おかげで、これまでより短い時間で高いパフォーマンスを出し、心身ともに健康な状態を維持できています。
――会社を立ちあげて、そのようなワークスタイルに移行なさったのも、シリコンバレーでの経験が大きかったのでしょうか。
越川:それもありますが、いちばんのきっかけは、日本マイクロソフトに入社するまえに自分でベンチャーを興した際、働きすぎて十二指腸潰瘍になってしまったことです。
この経験を通じて、働きすぎが原因で体調を崩してしまったり、生死にかかわるようなことになってしまっては、ぜったいに良くないと痛感しました。
――いまのお話をうかがっても、働き方改革を実現できるかどうかは、つくづく経営者の覚悟しだいという気がしてきます。
越川:そうですね。
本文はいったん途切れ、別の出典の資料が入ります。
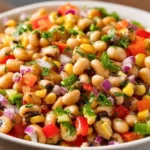 Bowl of Texas Caviar Dip served with tortilla chips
さらに、これは働き方改革というよりももっと広く、イノベーション全般にかかわる話かもしれませんが、ある組織がどのようにして物事を決め進めていくかという組織文化も成否をわける重要な要素だと考えています。
たとえばアメリカ企業では、トップの意向がどうであろうと、現場レベルで「まず、やってしまう」ことが珍しくありません。やってみて、レビューして、結果が思わしくなければ、修正したり止めたり…といった判断を重ねていくのです。この進め方だと、失敗して学ぶことは多い。ただ、やって失敗するより、やらないことのほうがリスクが大きいと考えています。
それに対し、典型的な日本企業では、何か新たな取り組みをやろうとしても、根まわしもふくめて実行するまでに膨大な時間をかけます。しかし、膨大な時間をかけるわりには、いざ実行したあとに「どんな結果が得られたか」のレビューが不十分という印象です。その結果、ムダなことを延々とつづけてしまうことがあります。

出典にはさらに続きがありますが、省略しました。